Prior to Nakamoto's paper, many of the technologies required for a distributed blockchain already existed (e.g., peer-to-peer filesharing and cryptography). The core innovation of the Nakamoto paper was the introduction of a consensus mechanism which allowed a "decentralised" network of distrusting peers to agree on a state of account balances. This consensus mechanism has become known as Nakamoto consensus.
Nakamoto consensus is specific to bitcoin, however, it falls into a larger category of proof-of-work consensus. Cryptocurrencies such as Ethereum, Litecoin and Zcash all use a form of proof-of-work consensus and this article will describe the concepts needed to understand the consensus mechanisms behind these and many other cryptocurrencies.
For readability, we will use the term "cryptocurrency" as a generic term for proof-of-work based cryptocurrencies, however, it is actually a misnomer as there are cryptocurrencies which do not use proof-of-work (e.g., EOS, NXT, Cardano).
Why do cryptocurrencies need proof-of-work?
Cryptocurrencies allow anyone to anonymously produce blocks and extend their currency ledger. This is fundamental to their ability to escape regulation and government controls; stopping a cryptocurrency will be incredibly difficult if anyone with a computer can anonymously produce a block.
This "open door" philosophy raises an obvious challenge: if anyone can extend the ledger, what would stop the blockchain from growing at a rate equal to the amount of people attempting to extend it? This is especially true considering that the production of a new block (akin to a new page of a ledger) is rewarded handsomely (bitcoin currently offers 12.5 BTC, which is worth USD$235,000 at the time of writing).
Cryptocurrencies needed a rate-limiting solution; a way to reduce the speed at which the ledger can be extended. Proof-of-work is the solution to this rate-limiting problem. It requires each extension of the ledger (block) to have a "proof-of-work" which gets more difficult as production capacity increases. In fact, proof-of-work ensures that the production of a new block is so difficult that the entire applied computing capacity of the world (universe, even) cannot produce more than one block each ten minutes.
What is a proof-of-work?
A proof-of-work is exactly as it sounds: a proof that some amount of work was done. A large hole in the ground could serve as an easily-verifiable proof-of-digging and a chalkboard full of words serves as a proof-of-writing. Both of those activities required "work", so they're each a proof-of-work.
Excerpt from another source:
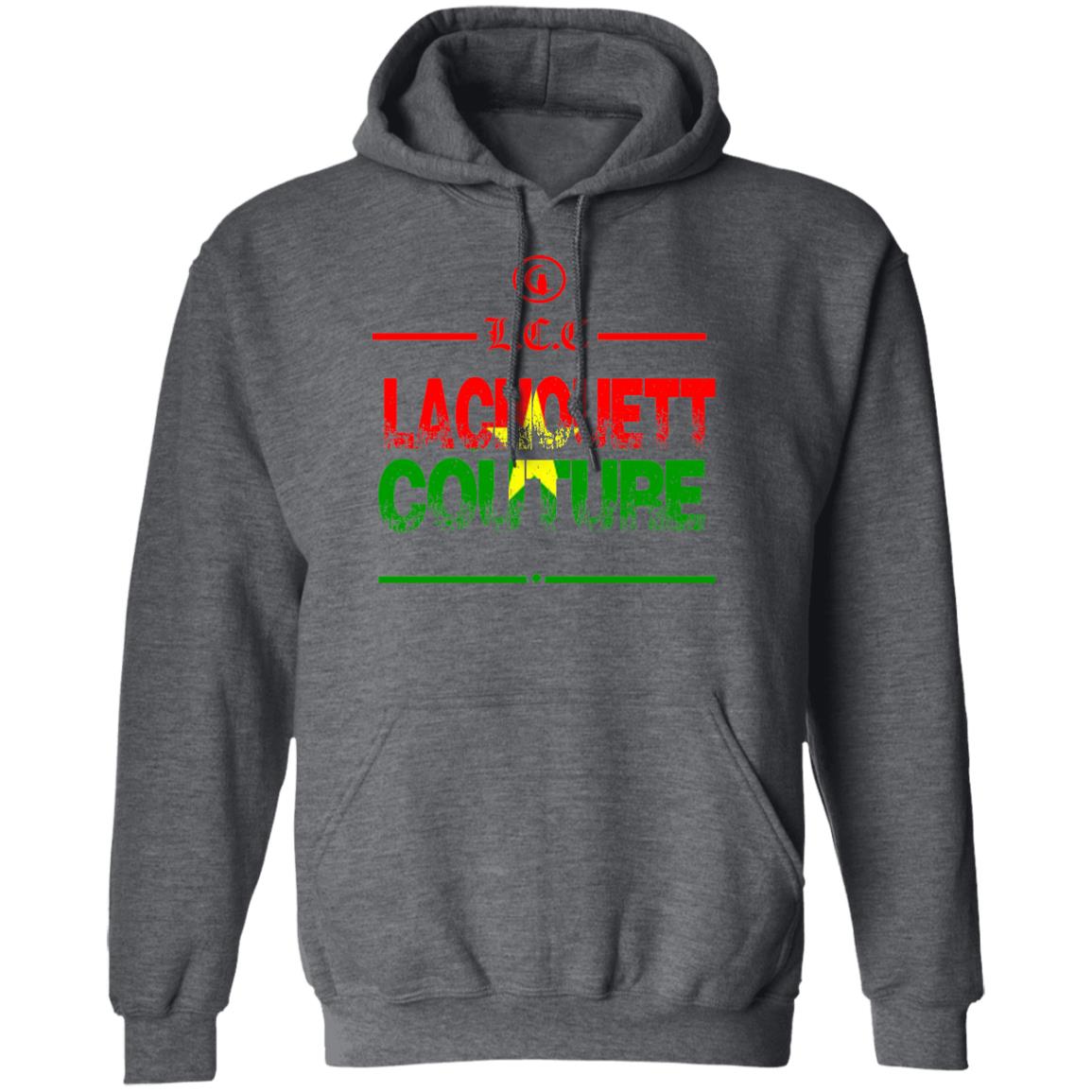 LCC BURKINAFASO GRUNDGE UNISEX HOODIE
As cryptocurrencies are computer protocols, a proof of computational work is required. Like the other examples, the proof needs to be "hard" to generate and "easy" to validate. Such a proof scheme was first described by Dwork and Naor (1992) to address email spam. This proof scheme has two major properties, both of which we will explain in this section; it is probabilistic and it uses cryptographic hashing algorithms.
What is a probabilistic proof-of-work?
To explain a probabilistic proof-of-work we will use an analogy:
There is a black box with a button and a screen. When the button is pressed, a random number between 1
and 100
is displayed on the screen. A validator, Alice, hands the box to a worker, Bob, and stipulates that he may only return the box when it displays a 1
or 2
. Given there is a 1
in 50
chance of any button press resulting in a number in this range, Alice could assert that Bob probably had to press the button fifty times for the box to display a 1
or 2
.
In the analogy, the number on the screen is an easily verifiable proof that Bob has probably done button-pushing work and the difficulty of that work was defined by Alice's range of acceptable numbers. If Alice were to accept any number between 1
and 25
, Bob would only need to press the button four times (on average) and the task would be less difficult.
Of course, there is a possibility that Bob "got lucky" and only pressed the button once, but over multiple events we can have confidence that the number of button pushes will average out to Alice's desired amount.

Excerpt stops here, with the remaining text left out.